Well the wife and I finally secured a sitter and were able to catch this flick last night so I figure I best post some thoughts while the movie is still fresh. We actually had sneak preview tickets to go attend a special screening with other lucky ticket holders and the reviewing press on May 19th but the theater was overbooked and we thought about the hassle of standing in line for hours and I finally decided that "I'm getting too old for this ^^^^."
We did that for Revenge of the Sith and it was a euphoric experience but I decided for Indy we can wait.
So we go last night and very shortly into the film I realized one thing. I'm ready for film to say its final goodbye and let HD reign. We saw Iron Man and Prince Caspian on glorious DLP screens and was let down by the presentation of Crystal Skull. The whole reel was scratched and caused those frustrating black lines to run through the picture for the majority of the flick. At one point my wife leaned over and asked if the film was supposed to look like that (she was familiar with the "slightly damaged" look of earlier Spielberg films; Saving Private Ryan, Minority Report, etc.) but alas I had to tell her that no, its just our lowsy print, and to just pretend that we really were watching a film that had been around since the 50's.
But the screen has huge, the sound was cranked to ten and the movie, well, in spite of the presentation I liked it. A lot.
I *loved* Indy's characterization in this movie. He really came off the way I hoped he would; the Indy equivalent of Clint Eastwood in Unforgiven. He was assured, cocky, weathered, and *damn* competent. At first I assumed we'd see him up to all of his classic dirty tricks; biting, cheating, hiding behind children, etc. But then I realized that while those are classic down and dirty survival techniques they're also acts of *desperation*. This Indy was beyond that. He wasn't kinder or gentler, he just didn't need to fight so dirty because he's that good at staying alive. I liked that he was never on the verge of panic over dying like in his earlier adventures (hanging on the edge of the pit in the opening of Raiders or "We are going to DIE!" in Temple of Doom.) He was obviously concerned over the nuke going off but never came close to losing his cool. And if a nuke won't panic him, you know for the rest of the flick that NOTHING will. I LOVED that.

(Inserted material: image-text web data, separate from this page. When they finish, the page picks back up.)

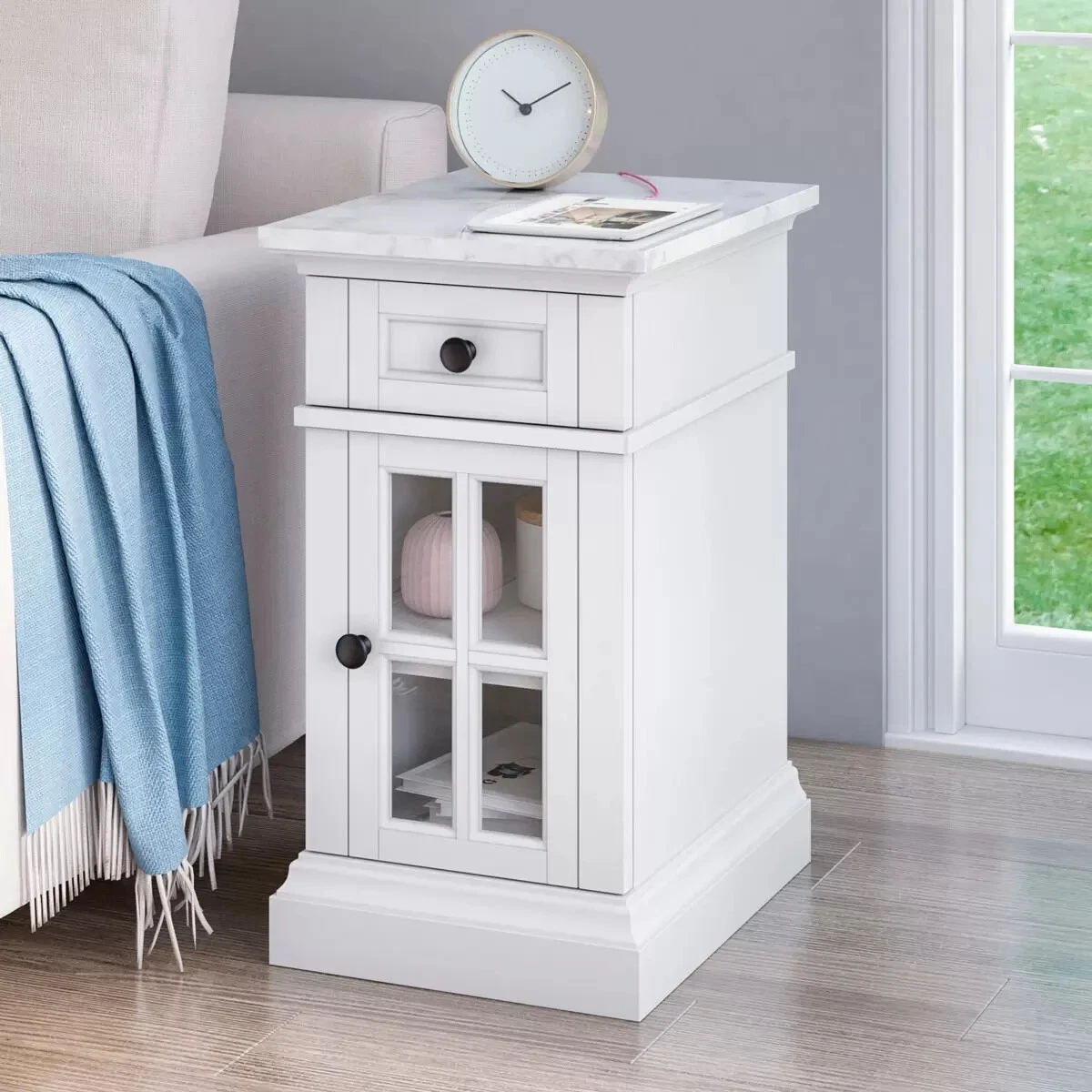 White nightstand clearance marble top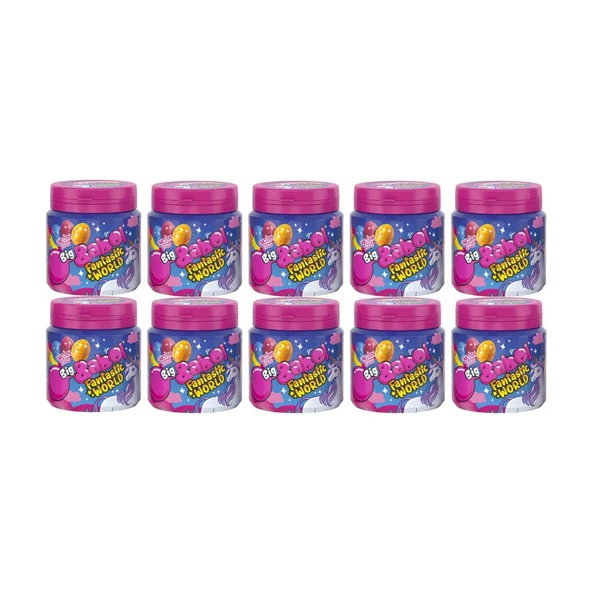 Big Babol Fantastic World Çilek, Muz ve Yaban Mersini Aromalı Sakız 90 gr x 10 Adet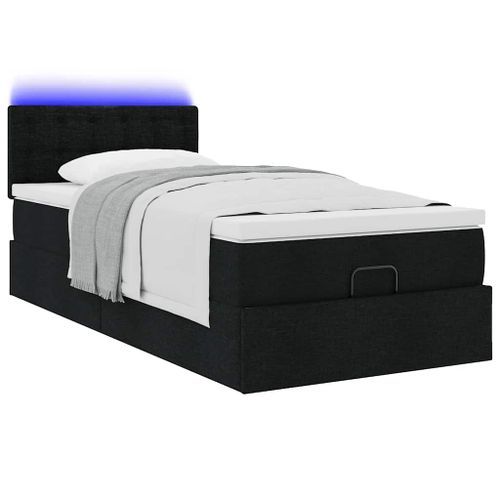 Cadre de lit ottoman avec matelas noir 90x190 cm tissu - Photo n°3; ?>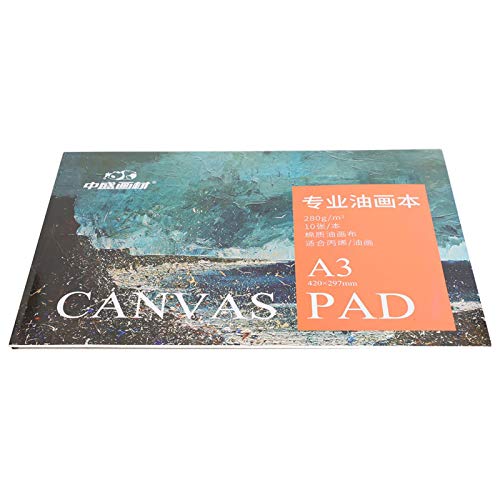 Leinwandblock, 10 Blatt Leinwand Papier - Baumwolle A3 Ölgemälde Papierbuchfür Acryl- und Ölfarben - Leinwand-Pad Ideal für Studenten und Künstler Ölgemälde, Zeichnen und Malen - 420x297mm Leinwandblock, 10 Blatt Leinwand Papier - Baumwolle A3 Ölgemälde Papierbuchfür Acryl- und Ölfarben - Leinwand-Pad Ideal für Studenten und Künstler Ölgemälde, Zeichnen und Malen - 420x297mm von Cuque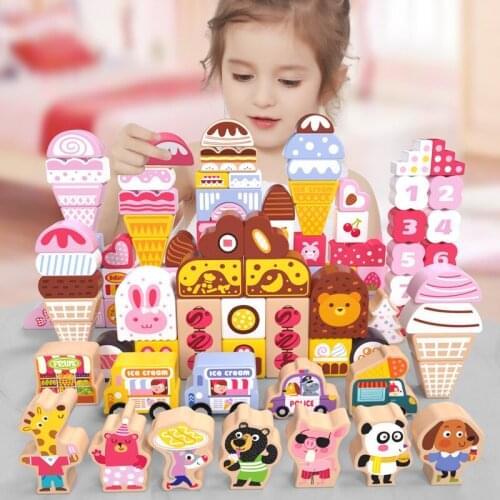 Kids Toys Wooden Toys Ice Cream Animal Scenes Geometric Shape Assembled Building Blocks Early Educational Toys For Children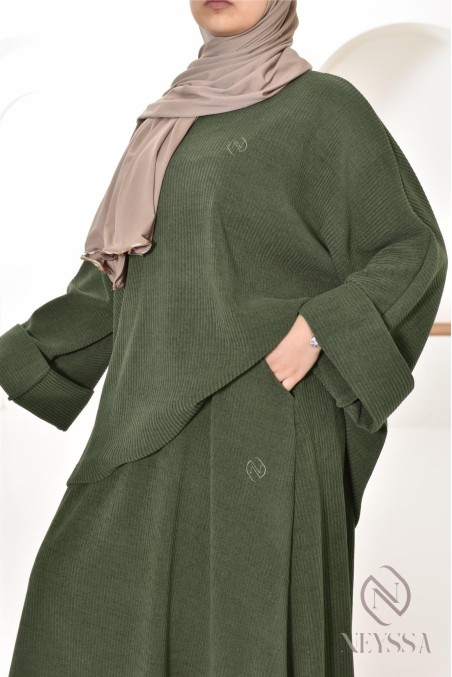 Ensemble verschleierte Frau Rock aus khakifarbenem Cord, modest fashion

Let me address the nuke for a second. I have NO problem with how he survived it. Is it technically realistic? Hell no. Unless you take into account the *clearly established* world these movies take place in. Regardless of anyone's real life opinions on God, the Indy movies operate under the assumption that the God of the Bible is very much real. The Ark and Holy Grail proved that. Of course we know that the "grail" was never reported in the Bible to have any powers but the movies obviously suggest that it does because it was used by Christ.
God obviously favored Indy at the end of Raiders and with one more battle in proximity of the Ark with enemies who had no regard for preserving it (you even clearly see its box get damaged) I take the fridge as God saying, "Here Indy, one last miracle for not abusing my ark." So he was preserved in the fridge like Jonah in the whale and on with the rest of the movie. Within the context of the story and miracles that have ALREADY been shown (and accepted without question by the audience I might add) the fridge works. If it had occurred at the end of the movie (like Indy's surviving the wrath of God when the ark was opened) I don't think people would have had a problem with it. "Oh yeah, these movies always end with something supernatural." But put it at the beginning and then suddenly its absurd and unrealistic. Not quite.

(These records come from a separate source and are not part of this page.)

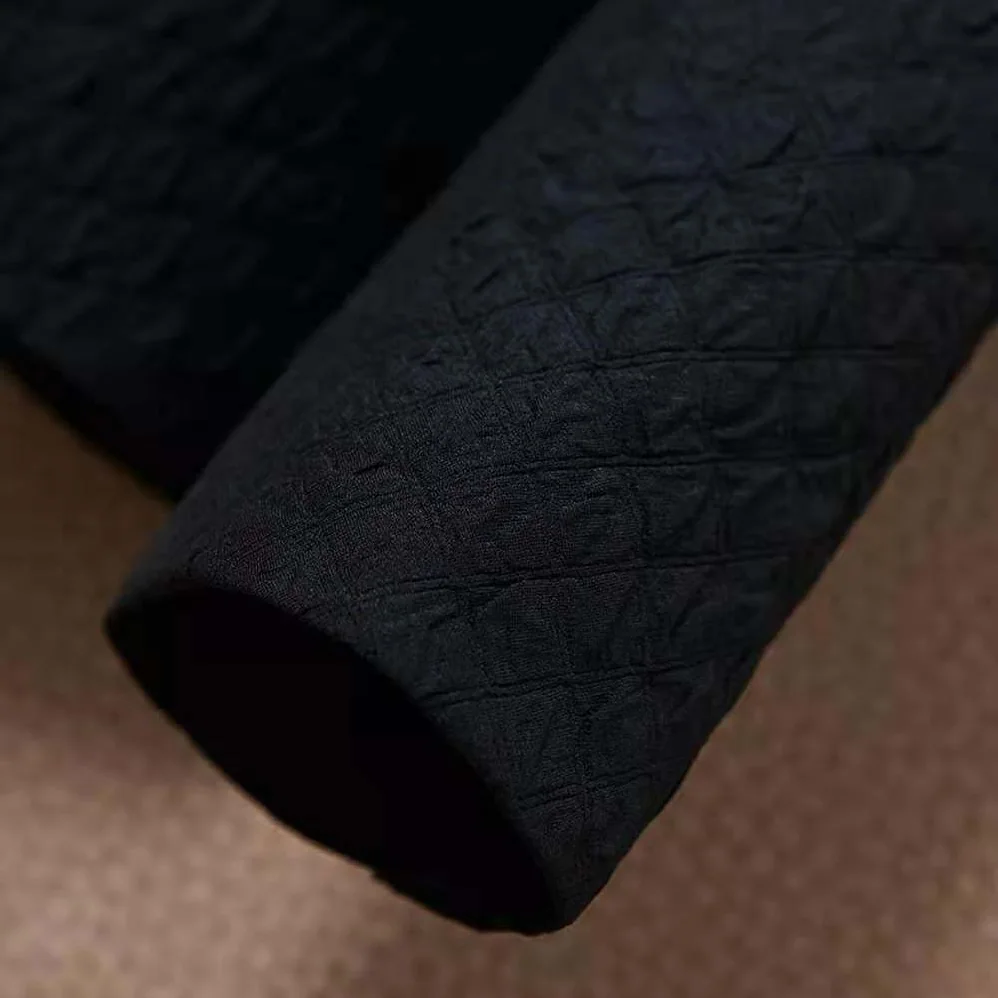 Dior Cloque-Effect Bar Jacket Black Matte Single for Women in Breasted Technical Fabric Dior Cloque-Effect Bar Jacket Black Matte Single for Women in Breasted Technical Fabric
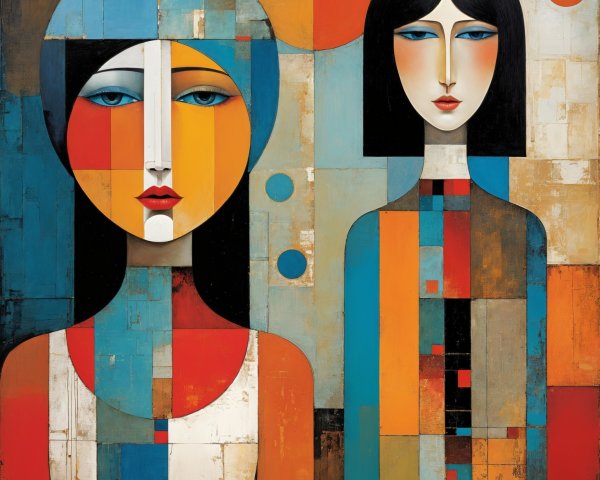 Stylized Figures Against Vibrant Geometric Background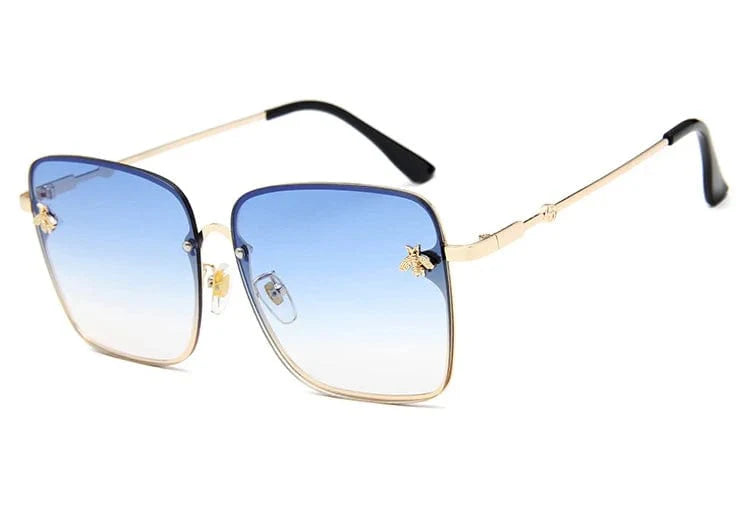 Women's oversized rimless square sunglasses by Showlu Fashion Store with gradient lenses and UV400 protection.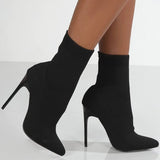 Women Boots Slip On High Heels Boots With Socks Autumn Winter Shoes Women Ankle Boots Winter Heels Shoes Black Short Botas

I'd rank Crystal Skull slightly below Raiders and Doom and far above Last Crusade.
I loved the graveyard scenes. He was such a badass. I have no problem with him not firing his pistol. He didn't need to! He wasn't afraid or PC, he pointed it at people and they ran away! People just somehow got that this wasn't an old man to be messed with. I think some people need to get out of Spielberg's head and just note what's appropriate in the context of the story. Luke Skywalker was pretty heavily associated with blasters and X-Wings after Star Wars but in The Empire Strikes Back guess what, he didn't shoot *anything* with his blaster or X-Wing! He pointed his gun at the swamp when R2 was swallowed and once at a fleeing Boba Fett and in 28 years I've seen NO ONE cry foul over that.
My two favorite shots in Crystal Skull were when Indy crested the rise and saw the mushroom cloud (WOW! One of my favorite shots in the entire series!) and in one scene during the jungle chase along the cliffs I got an awesome sense of vertigo.
The ending was a slight WTF and had shades of the finale of Ang Lee's Hulk and The X-Files movie which I don't consider a plus in either sense so in that sense it didn't end on quite the high note as the other three movies but I liked the wedding epilogue.
One reason I think I was able to enjoy this more than some is that for me, the perfect Indy movie was made right out of the gate--Raiders of the Lost Ark. That's about as close to a perfect all around movie as I've seen in *any* genre. As far as I'm concerned the last three movies have been celebratory victory laps providing some extra thrills and laughs at the same time. I don't need a them to finally get an Indy movie "right", I just like to see Dr. Jones on another adventure with funny dialogue and ingenius action sequences. Its still possible for an Indy movie to "fail", Last Crusade almost did and the various Mummy and Sahara flicks actually did. But Indy hasn't, and for that I'm glad.
Terrific entertainment and a worthy curtain call to the series if that's what it turns out to be.